If I’m Not Required to Pay Severance, Are There Reasons Why I Might Want to Anyway?

There are generally two schools of thought when it comes to offering severance to a terminated employee: (1) employers who want to reward employees for their service to the company by giving them a cushion against unemployment, and (2) employers who want to protect themselves from future legal claims by discharged employees. Employers in the first group might offer, for example, two weeks of pay for each full year of employment with the company, continuation of health insurance benefits at the employer’s expense, job placement assistance, and/or a letter of recommendation. Each of these options may have important legal implications, depending on the situation, such as violation of the company’s health insurance policy, which may prohibit the employer from keeping terminated employees on the group plan (instead through the more expensive continuation benefits provided by COBRA), or possible liability associated with commenting on a former employee’s work performance to a prospective employer.
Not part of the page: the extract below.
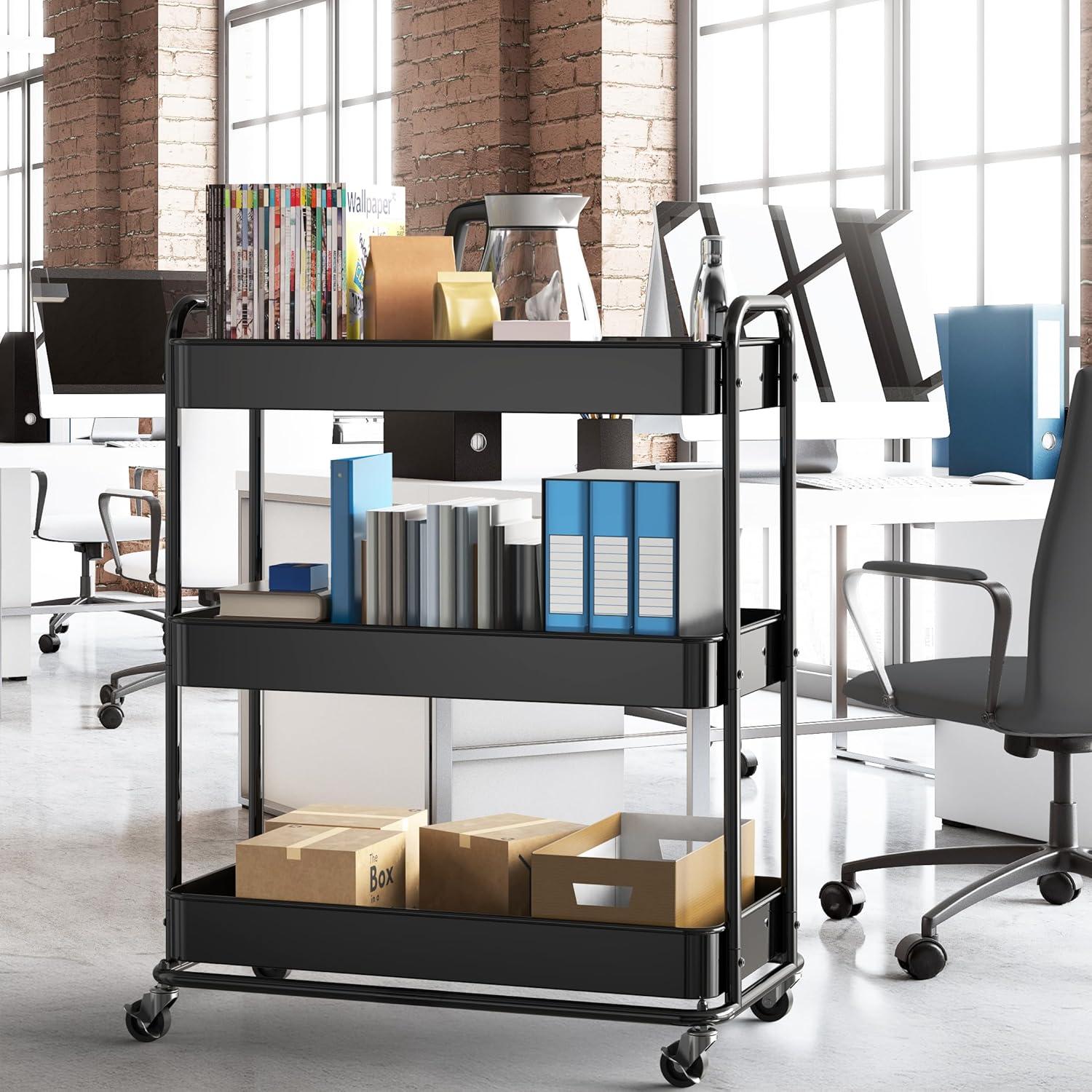 image:imageSimple Houseware 26 ExtraWide 3Tier Heavy Duty Service Cart HighCapacity Metal Rolling Organizer for Spa Salon Office and Home Storage Black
Employers in the second group want to pay severance in exchange for an agreement from the terminated employee not to sue the company in the future. In order for such an agreement (called a “release”) to be enforceable, the employer must give the former employee something of value that he or she would not otherwise be entitled to receive by law or contract (also known as “consideration”). Many times business owners ask us if payment of an employee’s final paycheck or cashing out the employee’s accrued but unused vacation counts as sufficient consideration for a release. If the final paycheck only consists of earned wages for work performed by the employee and if the employer is required to pay the employee for accrued but unused vacation by law (as in California) or under the terms of an employment agreement or employee handbook, then such payments would not constitute sufficient consideration for a release. Consideration must be something in addition to anything that the employer would be required to provide to the employee upon termination. Any agreement not supported by adequate consideration would not be enforceable.

If I Decide to Pay Severance, What Should I Include in the Severance Agreement?
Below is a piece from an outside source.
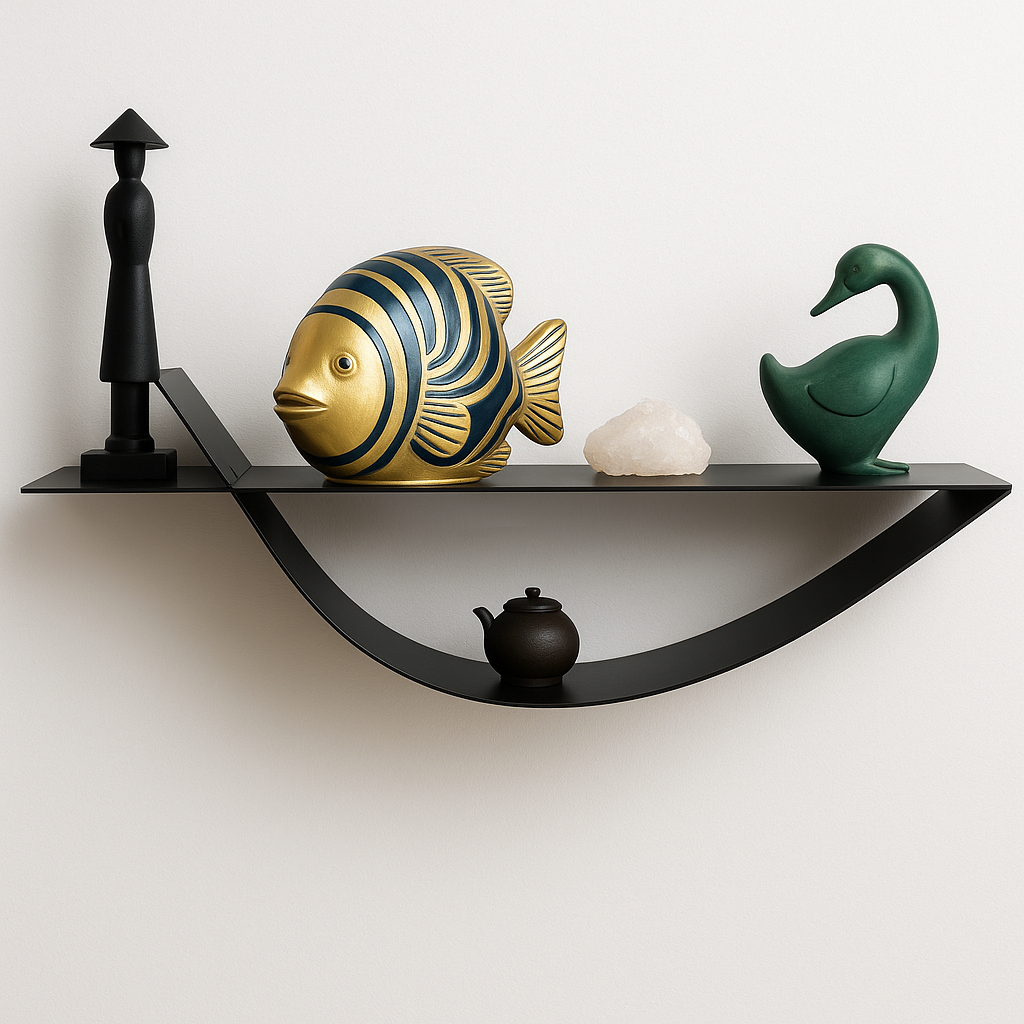 Sculpture Poisson Doré et Noir – Pièce Design en Résine H20 × L25 cm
Severance agreements that include a release provision require departing employees to give up important legal rights and, for that reason, they are complex documents that are governed by many different laws and regulations. Some of the provisions that may be (or, in some instances, are required to be) included in such a severance agreement are, for example:

  • A description of the severance benefits provided by the employer;

  • A general release, which includes a detailed list of rights that the former employee is giving up;

  • A covenant not to sue;

  • A notice and acknowledgment of rights under the Older Workers Benefit Protection Act, which must include an extended notice period, revocation period, and additional rights to terminated employees aged 40 and older who give up their right to sue under the Age Discrimination in Employment Act;

  • A confidential information provision that protects the employer’s proprietary business information and trade secrets;

  • A protected rights provision, which explains the rights that the departing employee will not be giving up;

  • A notice that the employee has a right to consult with independent legal counsel before signing the agreement;

  • A choice of law provision;

  • An arbitration provision; and

  • Other contract provisions designed to ensure that the contract will be legally enforceable.

Because of the complexity of severance agreements, they should be drafted with the advice of legal counsel.